=== Entries supplied ===

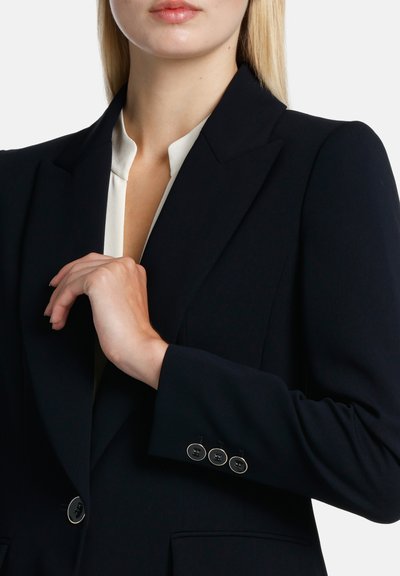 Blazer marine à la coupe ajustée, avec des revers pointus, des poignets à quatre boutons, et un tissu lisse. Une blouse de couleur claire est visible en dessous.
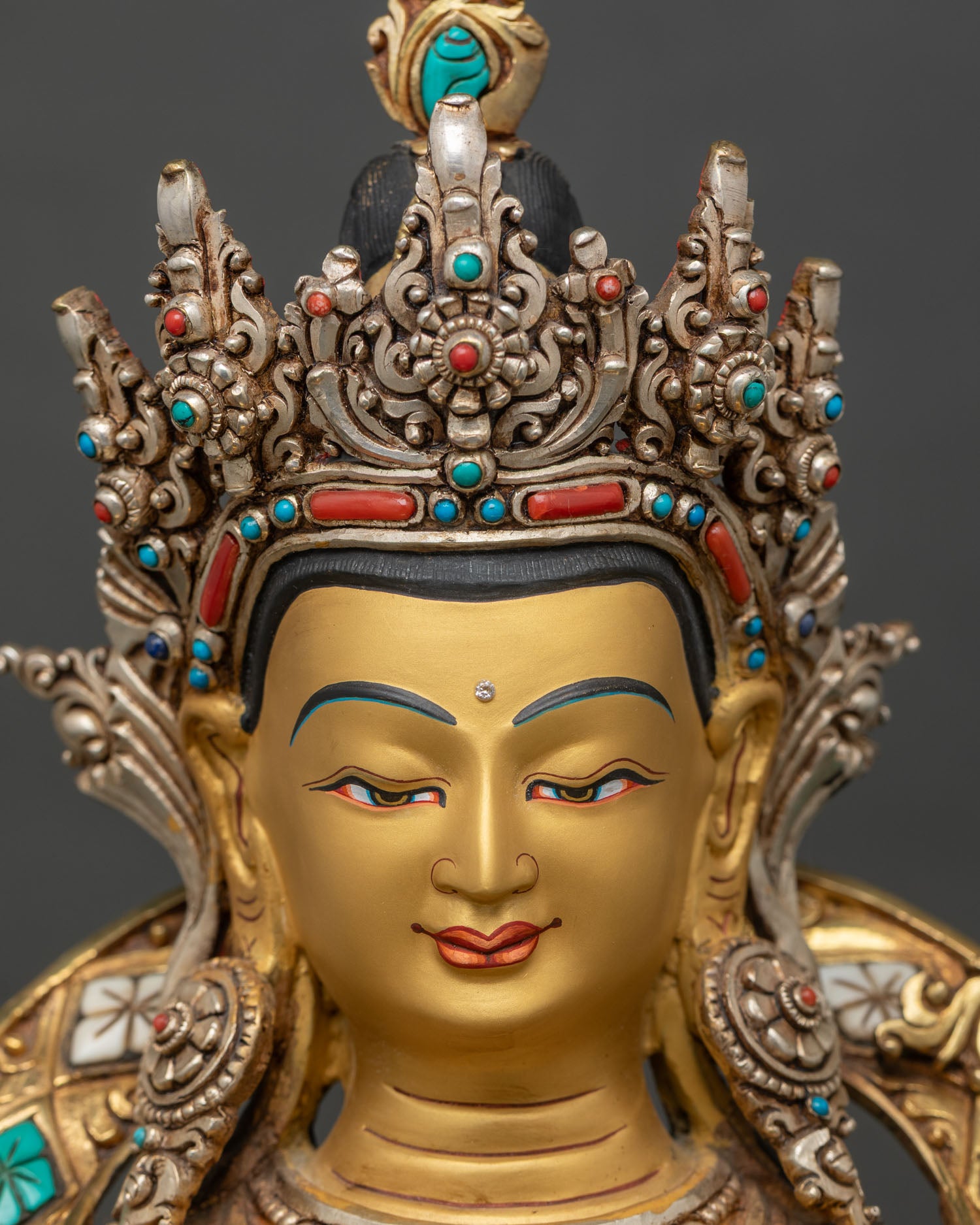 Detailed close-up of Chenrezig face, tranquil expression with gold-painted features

===
=== Entries supplied ===

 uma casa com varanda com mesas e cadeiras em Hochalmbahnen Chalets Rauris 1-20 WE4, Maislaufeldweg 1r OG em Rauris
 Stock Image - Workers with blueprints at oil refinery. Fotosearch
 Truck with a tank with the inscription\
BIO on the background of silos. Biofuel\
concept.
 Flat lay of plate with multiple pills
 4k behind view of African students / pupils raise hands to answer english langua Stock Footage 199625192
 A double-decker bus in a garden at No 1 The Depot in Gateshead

===

Please give an exact copy of the entries above, from the line with "Flat lay of plate with multiple pills" down to the line with "A double-decker bus", inclusive, and nothing else.

 Flat lay of plate with multiple pills
 4k behind view of African students / pupils raise hands to answer english langua Stock Footage 199625192
 A double-decker bus in a garden at No 1 The Depot in Gateshead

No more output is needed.